Supplied data Start Marker

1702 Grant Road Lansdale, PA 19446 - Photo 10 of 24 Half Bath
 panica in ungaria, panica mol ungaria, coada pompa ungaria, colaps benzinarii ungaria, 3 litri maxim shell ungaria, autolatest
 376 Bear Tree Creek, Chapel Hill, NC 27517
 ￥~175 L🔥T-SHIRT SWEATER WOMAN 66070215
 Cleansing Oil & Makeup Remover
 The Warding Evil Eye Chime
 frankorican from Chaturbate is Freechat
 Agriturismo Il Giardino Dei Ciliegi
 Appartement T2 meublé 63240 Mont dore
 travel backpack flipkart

Supplied data End Marker

**What is being asked:**
Return every line above exactly as it stands.

**Final answer:**
1702 Grant Road Lansdale, PA 19446 - Photo 10 of 24 Half Bath
 panica in ungaria, panica mol ungaria, coada pompa ungaria, colaps benzinarii ungaria, 3 litri maxim shell ungaria, autolatest
 376 Bear Tree Creek, Chapel Hill, NC 27517
 ￥~175 L🔥T-SHIRT SWEATER WOMAN 66070215
 Cleansing Oil & Makeup Remover
 The Warding Evil Eye Chime
 frankorican from Chaturbate is Freechat
 Agriturismo Il Giardino Dei Ciliegi
 Appartement T2 meublé 63240 Mont dore
 travel backpack flipkart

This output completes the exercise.